Aside from the zero’a (foreleg), leḥayayim (jaw) and kevah (maw or stomach) that butchers are obligated to give to the kohanim (see yesterday’s daf, or page), under ordinary circumstances, a farmer will separate:
- Teruma Gedola – a small portion of his harvest that is given to a kohen. This produce is sanctified and can only be eaten by kohanim when in a state of ritual purity.
- Ma’aser Rishon – one-tenth of the remaining produce, which is given to a levi. This produce does not become sanctified, and the levi can do with it as he pleases.
- Ma’aser Sheni – one-tenth of the remaining produce, which is taken to Jerusalem and consumed there. This tithe is given during the years 1, 2, 4 and 5 of a seven year cycle.
- Ma’aser Ani – in years that Ma’aser Sheni is not given (years 3 and 6), one-tenth of the produce is given to the poor.
The Gemara on today’s daf notes, however, that according to Rabbi Elazar ben Azarya Ma’aser Rishon was not to be given to a levi, rather it was also given to a kohen. The Gemara explains that this ruling was instituted by Ezra HaSofer as a punishment to the levi’im who did not join him in returning to Israel at the beginning of the Second Temple period.

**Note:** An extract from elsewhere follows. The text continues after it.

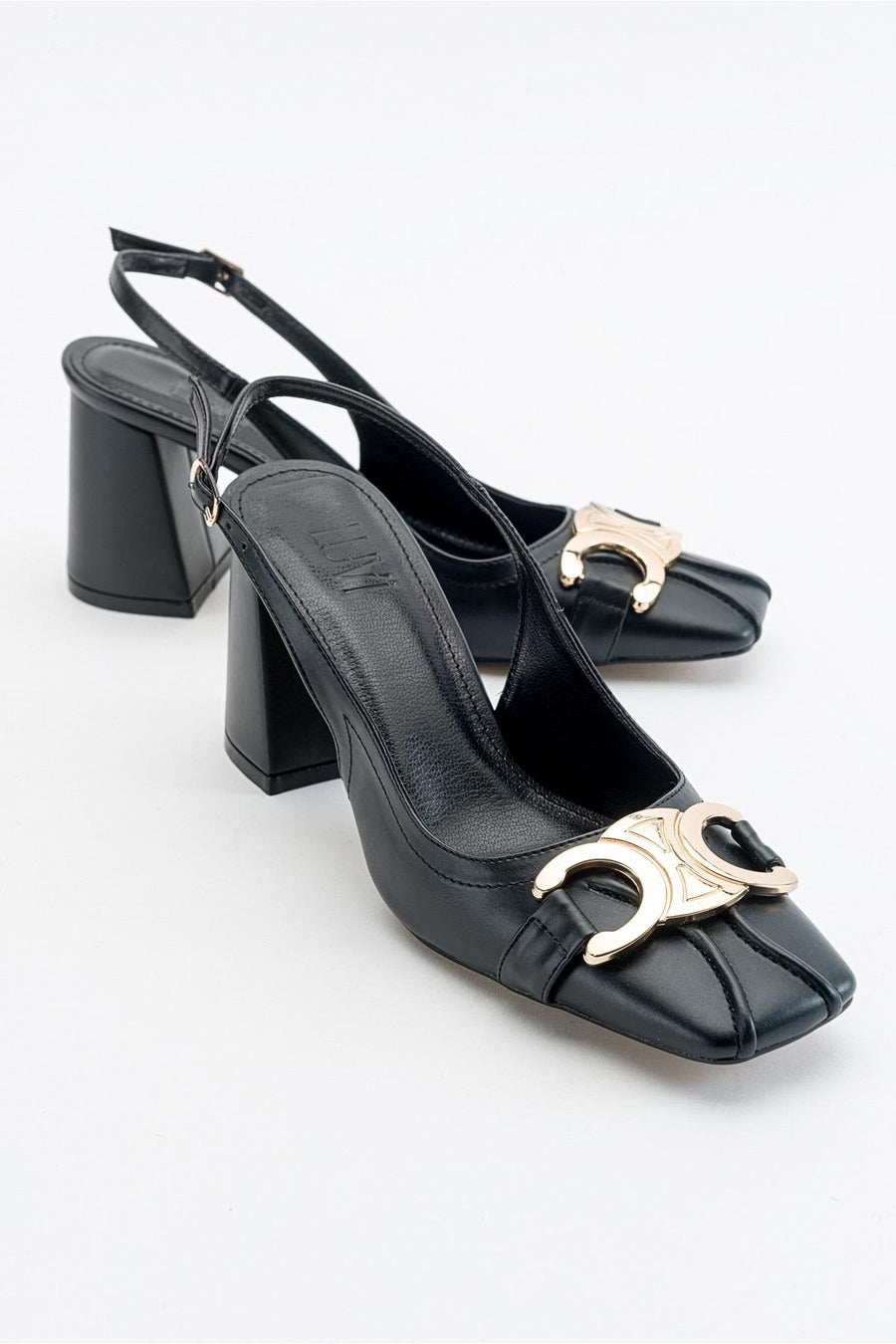 Forlev - Black Heeled Shoe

In Massekhet Yevamot (daf 86a) there is a disagreement regarding the obligation of Ma’aser Rishon on a biblical level. According to Rabbi Akiva, Ma’aser Rishon must be given to the levi’im based on the clear statement in Sefer Bamidbar (18:26). Rabbi Elazar ben Azarya ruled that it could be given to kohanim as well, since we find kohanim are called levi’im in many places in the Torah. The Gemara there also explains that there is a disagreement about Ezra’s injunction – whether aside from being given to kohanim, it was also distributed to the poor.